I make stuffed animals and similar sundries, and routinely attend craft fairs during the holiday season. For the past few years, I limited myself to a single show that a friend's family holds. This year, I was organized enough to set up three for myself. At the show I previously attended, I generally made around $150 each time. At each of the three shows I attended this year, I made around $60, excluding the dents my friends and I made for lunch and coffee and the down payment on the space. More people than ever before have picked up my things, commented on how cute they are, claimed that my prices are extremely reasonable, then dropped them and disappeared into the crowd. I started an online store in the hopes of avoiding this, but from the looks of things, the habits are rampant on the internet as well.
I am fully aware that this is some sort of cosmic retribution, and that I've had it coming to me for well over eighteen years, but I still get overly excited about the fact that people enjoy seeing what I enjoy doing. For the first few hours of each show, this is enough to hold me over, but as time wears on, it gets awfully annoying.

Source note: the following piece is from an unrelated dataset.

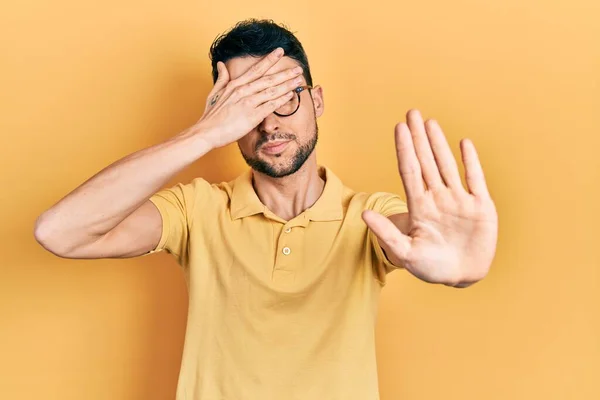 Ung Latinamerikansk Man Klädd Avslappnade Kläder Och Glasögon Som Täcker — Stockfoto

Now that I am aware of how it feels, I have vowed to break this habit in my own life. I don't want to be seen as materialistic, and I do put a lot of consideration into where and how I spend my money. I am teaching myself how to rapidly think on my feet. This has never been my strong suit, but it seems to be the only method of survival in the cutthroat world of marketing I currently find myself in. I also think it is one of those qualities that eddies over into other aspects of life.
So far, focusing on the positive and negative qualities of each thing I am tempted to handle, and measuring how much more I'll enjoy having it for my own, has led me to be a much more assertive person, a quality I think it's safe to say I've never had before. My newly found spine has helped me in countless ways in pursuing my artistic talents; I intend to be a director in addition to continuing my stuffed creatures, and I no longer have qualms about whether something is "good enough" anymore. I don't believe in "good enough" anymore. For me, it must be truly the best, or I won't buy it by any definition.